Exercise requirements. Repeat exactly the lines beginning at the one that contains "A single angler" and running to the end of the material. Omit the pictures.

-- Opening Marker --

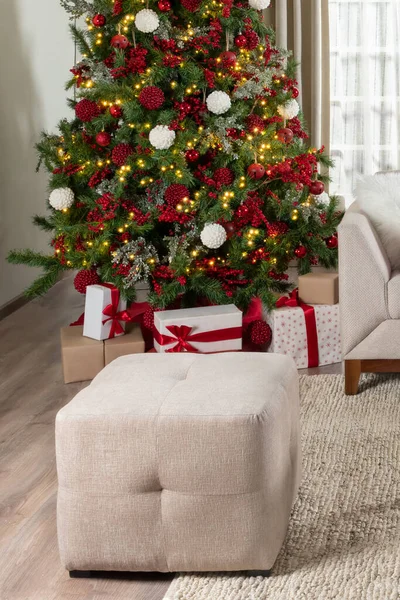 Living Room in an Apartment Decorated for the Holidays with a Christmas Tree Adorned with Red Ornaments and Festive Lights, Gifts, and a Rectangular Pouf, Evoking a Warm Holiday Atmosphere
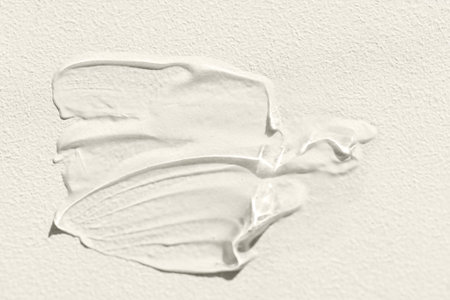 The texture of the cream on a light background. Translucent serum is smeared on the backdrop. The...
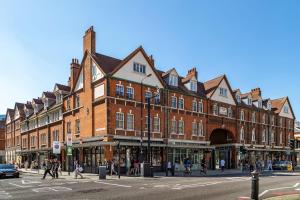a large brick building on a street with people crossing the street at Smart Artistic studio in shoreditch in Moffat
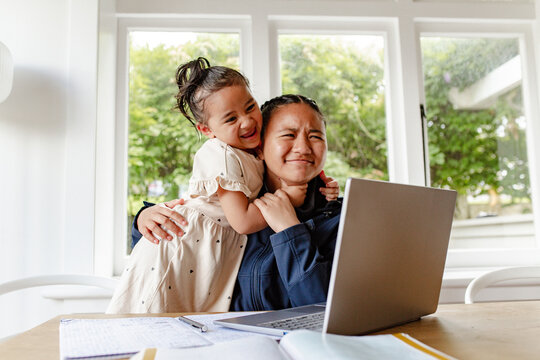 Toddler girl hugging teen sister while doing her homework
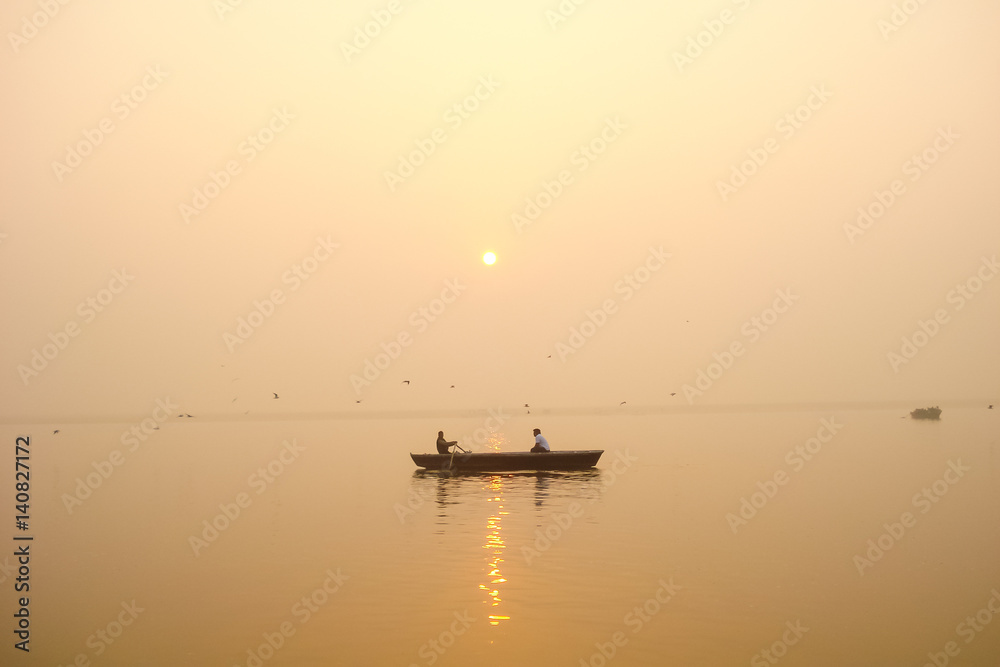 A single angler enjoys fishing from a boat on a beautiful morning.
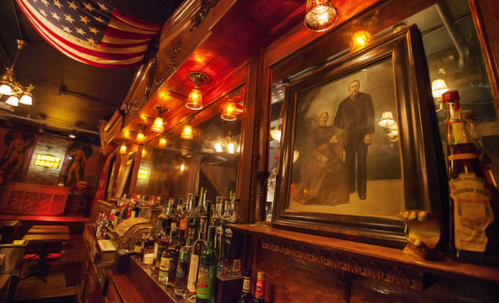 A vintage bar scene featuring a portrait, illuminated by warm lights and decorated with an American flag.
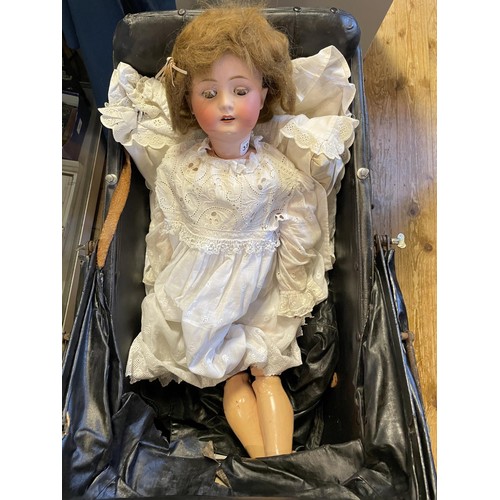 383 - A German bisque head doll, by Heubach, 250-61/2, 62 cm and two dolls prams (3)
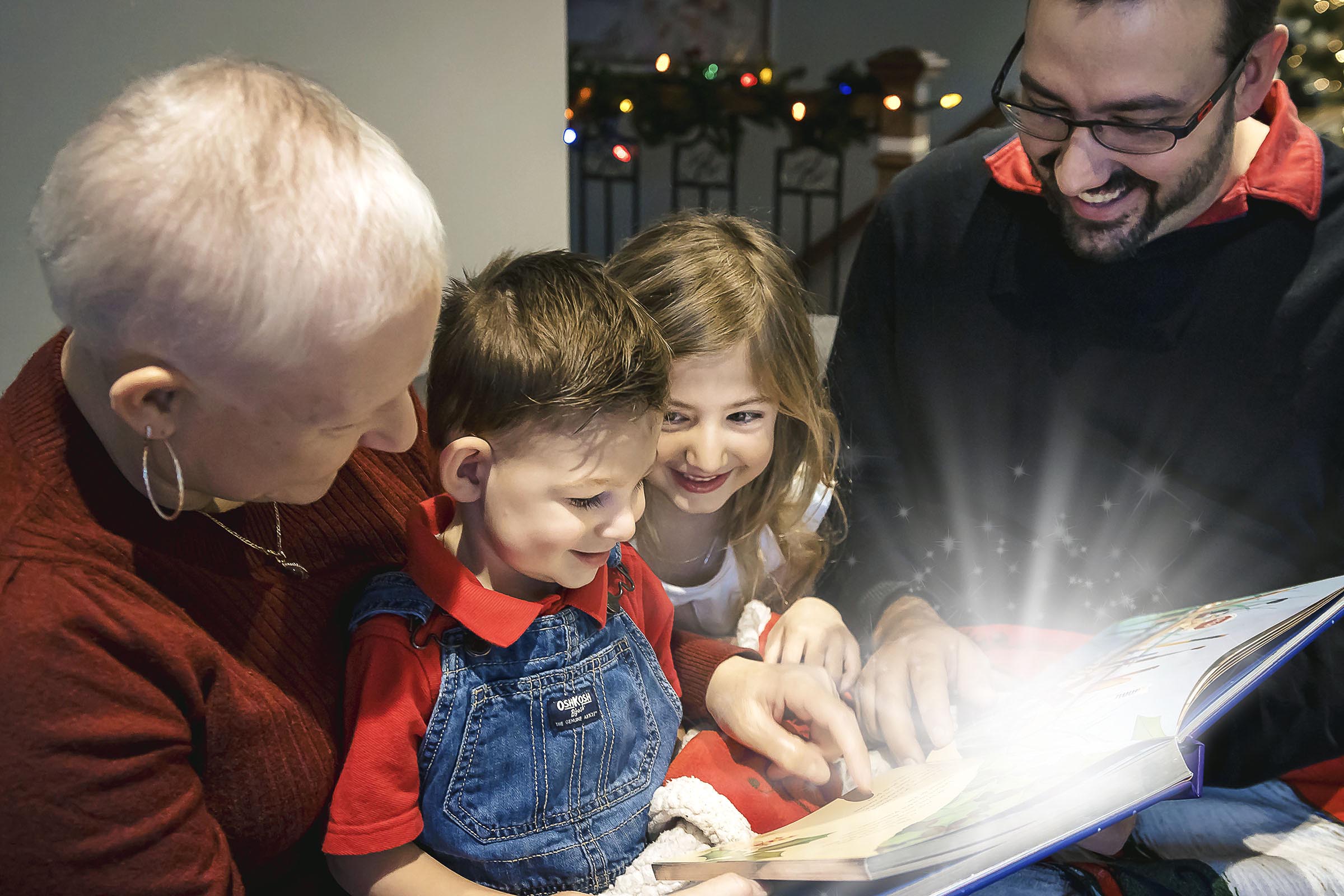 Portrait des fêtes famille enfants regarde un livre avec lueur magique par Tobi Malette photographe Vaudreuil-Soulanges et ouest de l'ile de montreal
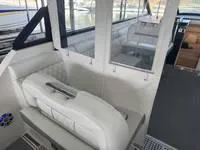 Slide: The Image of 2023 Regal 36 Grande Coupe helm with modern controls and luxurious seating. - 15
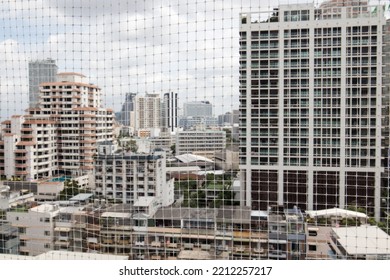 Installing Polypropylene Mesh Bird Netting At Apartment Or Condominium In Bangkok City, Thailand Is To Protect Birds From Nesting Anf Anti Uv.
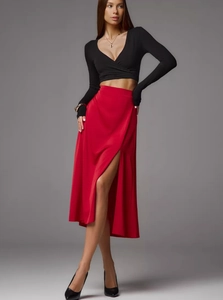 Detail of red satin skirt with high side slit and smooth texture on a model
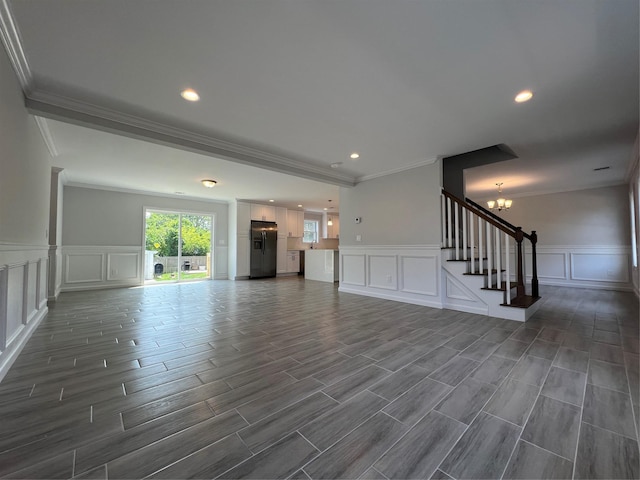 96 Baybright Dr, Shirley, NY 11967 - unfurnished living room featuring a decorative wall, crown molding, stairs, a wainscoted wall, and a chandelier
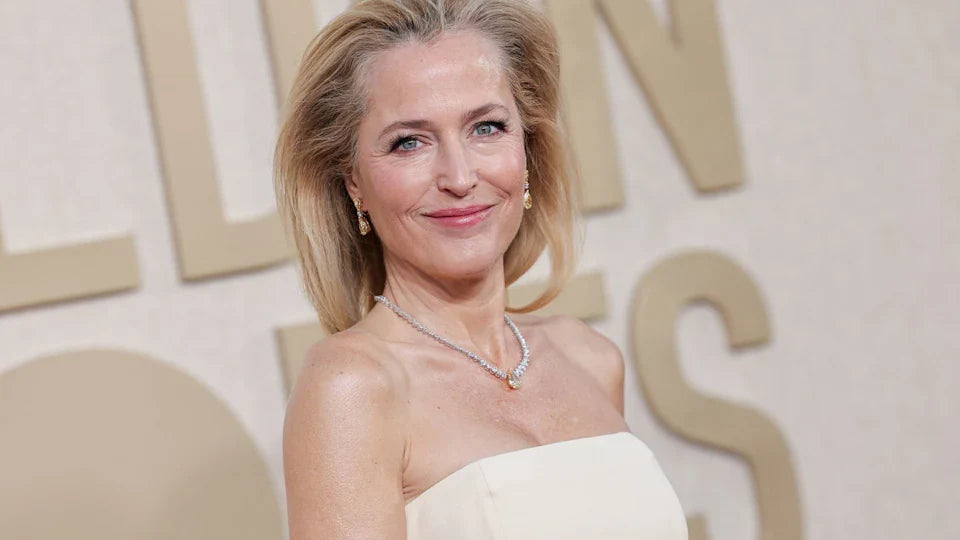 Gillian Anderson Dazzles Paris in Stunning White Gown Ahead of Fashion Week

-- Closing Marker --

Solution to the problem.
 A single angler enjoys fishing from a boat on a beautiful morning.
 A vintage bar scene featuring a portrait, illuminated by warm lights and decorated with an American flag.
 383 - A German bisque head doll, by Heubach, 250-61/2, 62 cm and two dolls prams (3)
 Portrait des fêtes famille enfants regarde un livre avec lueur magique par Tobi Malette photographe Vaudreuil-Soulanges et ouest de l'ile de montreal
 Slide: The Image of 2023 Regal 36 Grande Coupe helm with modern controls and luxurious seating. - 15
 Installing Polypropylene Mesh Bird Netting At Apartment Or Condominium In Bangkok City, Thailand Is To Protect Birds From Nesting Anf Anti Uv.
 Detail of red satin skirt with high side slit and smooth texture on a model
 96 Baybright Dr, Shirley, NY 11967 - unfurnished living room featuring a decorative wall, crown molding, stairs, a wainscoted wall, and a chandelier
 Gillian Anderson Dazzles Paris in Stunning White Gown Ahead of Fashion Week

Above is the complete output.